University of Oslo - Department of Geosciences

Jung Chan Choi

Norwegian Geotechnical Institute

Date Written: March 17, 2021

Abstract

Large-scale geological carbon storage in the North Sea will involve injecting CO2 in a super-critical state into deep saline aquifers. As CO2 is injected, stress changes due to fluid pressure and temperature changes may result in deformation and potentially may result in microseismicity if existing faults are reactivated. Microseismicity may provide additional information on in situ stress conditions and the progression of the CO2 plume. To assess failure criteria in the reservoir, we must know the mechanical response of reservoir sandstone due to injection of super-critical CO2 (scCO2) under reservoir stress conditions. This includes fracturing processes at the microstructural scale as well as at the macroscopic scale by reactivation of existing fractures. We conducted three triaxial tests on a sandstone analogue to deep North Sea reservoir rock: once pressurized, samples were saturated with either scCO2, brine, or a brine-scCO2 mixture. Each sample was then deformed axially to induce a through-going fracture, which was then reactivated—first by increasing the pore pressure under anisotropic stress conditions, then by axial reloading with a constant pore pressure. Throughout testing, we monitored acoustic emissions (AE) and measured ultrasonic P-wave velocities. AE were located within the sample, and their relative magnitudes were calculated, as well as their source mechanisms for a subset of high signal-noise ratio events. We observed:

• Higher strength and stiffness for the sample saturated only with scCO2 than for samples containing brine, and a brine-scCO2 mixture.
• No clear difference in fracture strength for samples with different fluid saturations.
• Higher energy events released from fracturing of the stronger and stiffer scCO2-saturated rock.
• For all samples, the AE response during fracture reactivation was more energetic and had a higher frequency content at higher effective stresses (by axial loading) than at lower effective stresses (by pore pressure increase).

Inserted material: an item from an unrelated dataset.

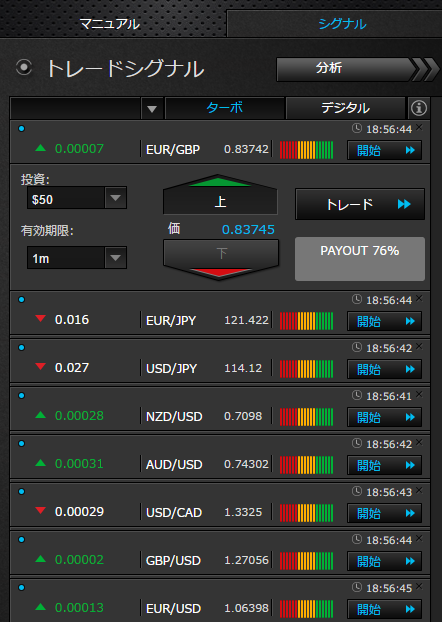 アルゴビット取引画面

We found fluid saturation to have only a slight influence on the mechanical and failure properties. We observed no significant weakening with scCO2 saturation that might otherwise cause undesired inelastic deformation within the reservoir.

Keywords: North Sea, sandstone, super-critical CO2, laboratory testing, acoustic emissions, microseismicity

Suggested Citation

Griffiths, Luke and Dautriat, Jérémie and Park, Joonsang and Vera Rodriguez, Ismael and Iranpour, Kamran and Sauvin, Guillaume and Sarout, Joel and Grande, Lars and Oye, Volker and Soldal, Magnus and Dewhurst, David N. and Mondol, Nazmul Haque and Choi, Jung Chan, The Influence of Super-critical CO2 Saturation on the Mechanical and Failure Properties of a North Sea Reservoir Sandstone Analogue (March 17, 2021). Proceedings of the 15th Greenhouse Gas Control Technologies Conference 15-18 March 2021, Available at SSRN: https://ssrn.com/abstract=3818808 or http://dx.doi.org/10.2139/ssrn.3818808

Luke Griffiths (Contact Author)

Norwegian Geotechnical Institute ( email )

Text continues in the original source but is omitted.